By Saurabh Sharma
LUCKNOW, India (Reuters) – Police in northern India have arrested 10 men for allegedly compelling women to change their religion after getting married, using a new anti-conversion law popularly called the “Love Jihad” law, officials said on Monday.
Last month, Uttar Pradesh state became the first Indian province to pass a law against forced or fraudulent religious conversions, laying out prison terms for anyone compelling others to convert their faith or luring them into these conversions through marriage.
The anti-conversion law does not name any religion but critics call it Islamophobic for being solely imposed with the objective of preventing “Love Jihad”, which hardline Hindu groups describe as a conspiracy to convert gullible Hindu women to Islam by misleading them with promises of love and marriage.

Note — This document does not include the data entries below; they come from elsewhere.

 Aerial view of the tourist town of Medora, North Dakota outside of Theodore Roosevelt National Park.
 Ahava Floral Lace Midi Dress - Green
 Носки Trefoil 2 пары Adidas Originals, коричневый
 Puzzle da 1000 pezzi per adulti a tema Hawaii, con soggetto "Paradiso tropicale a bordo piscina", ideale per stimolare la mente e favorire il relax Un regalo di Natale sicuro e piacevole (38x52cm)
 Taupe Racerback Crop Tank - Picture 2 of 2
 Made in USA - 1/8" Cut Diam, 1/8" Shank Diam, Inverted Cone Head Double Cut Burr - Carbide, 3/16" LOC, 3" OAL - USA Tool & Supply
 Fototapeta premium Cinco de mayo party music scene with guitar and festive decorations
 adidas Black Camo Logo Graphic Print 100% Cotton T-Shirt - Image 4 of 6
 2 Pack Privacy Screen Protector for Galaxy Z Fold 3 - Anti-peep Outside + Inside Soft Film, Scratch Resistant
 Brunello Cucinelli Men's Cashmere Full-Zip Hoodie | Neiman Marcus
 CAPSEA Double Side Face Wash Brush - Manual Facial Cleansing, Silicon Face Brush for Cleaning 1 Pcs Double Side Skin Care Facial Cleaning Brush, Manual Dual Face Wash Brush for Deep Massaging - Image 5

Officials in Uttar Pradesh, the country’s most populous state, said the law will help prevent fraudulent religious conversions and was designed to protect young women.
The federal government and the Uttar Pradesh government are both controlled by the Hindu nationalist Bharatiya Janata Party.

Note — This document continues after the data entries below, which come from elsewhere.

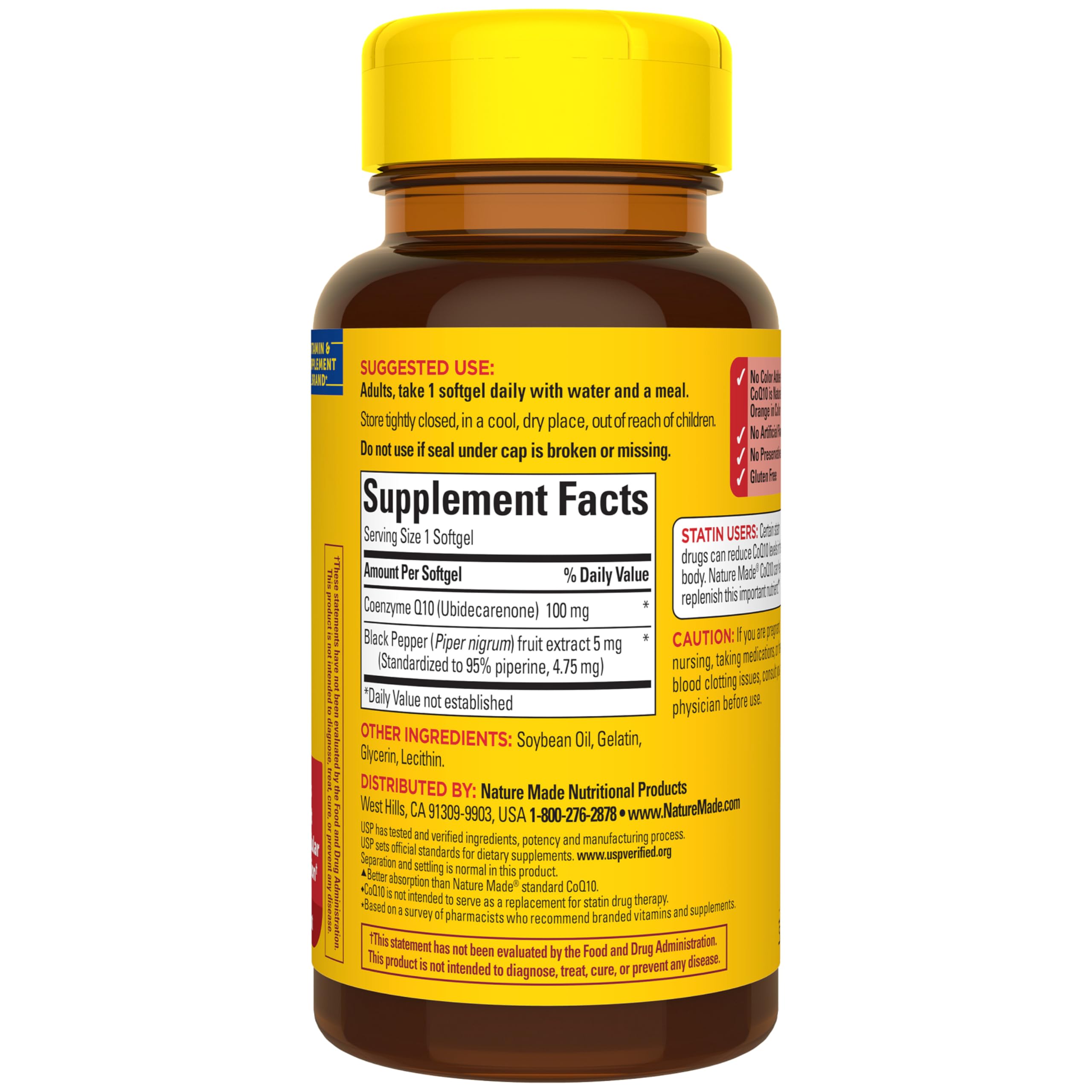 Nature Made CoQ10 100mg with Black Pepper Extract for Enhanced Nutrient Absorption, Dietary CoQ10 Supplement for Heart Health Support, 30 Softgels, 30 Day Supply - Image 8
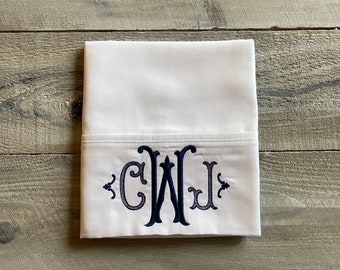 Monogram Pillowcase, Set of Monogrammed Pillowcases, pillowcase, monogram, dorm, graduation gift, personalized pillowcase, mrmrs, wedding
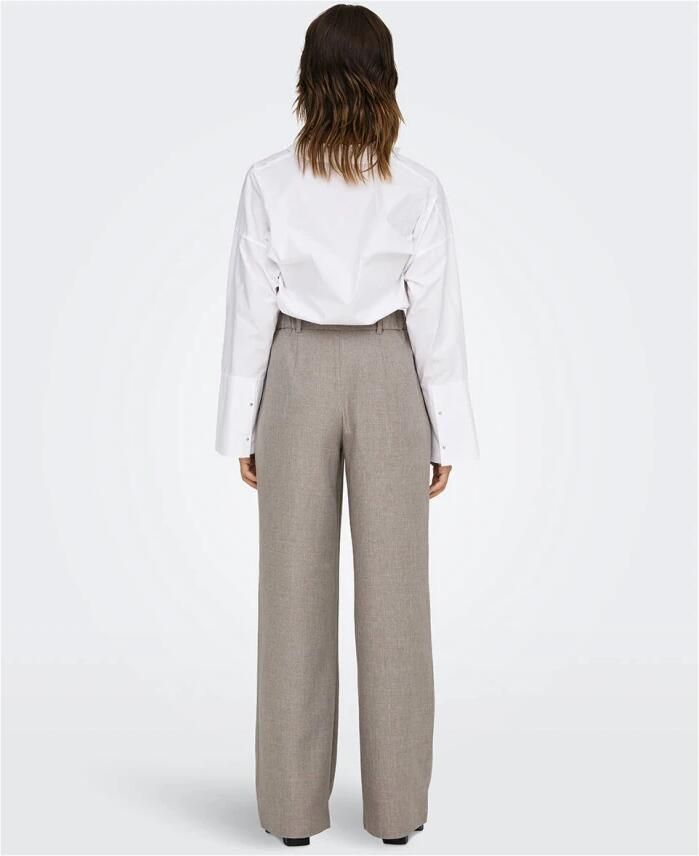 Only Regular fit bandplooibroek met wijde pijpen model 'LINDA'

Four senior police officials said 10 men were arrested last week from different parts of Uttar Pradesh based on separate criminal complaints lodged by parents who alleged their daughters were abducted by Muslim men.
“We are using the new law to only arrest those men where we have proof to show it is a clear case of forced religious conversion,” said one police official, speaking on conditions of anonymity as he was not authorised to brief the press.
Under the new law, a man and woman belonging to different religions will have to give two months’ notice to the district magistrate before they get married and they will be given permission if there are no objections.
At least four other Indian states – Madhya Pradesh, Haryana, Karnataka and Assam have said that they are planning to bring in similar anti-conversion laws.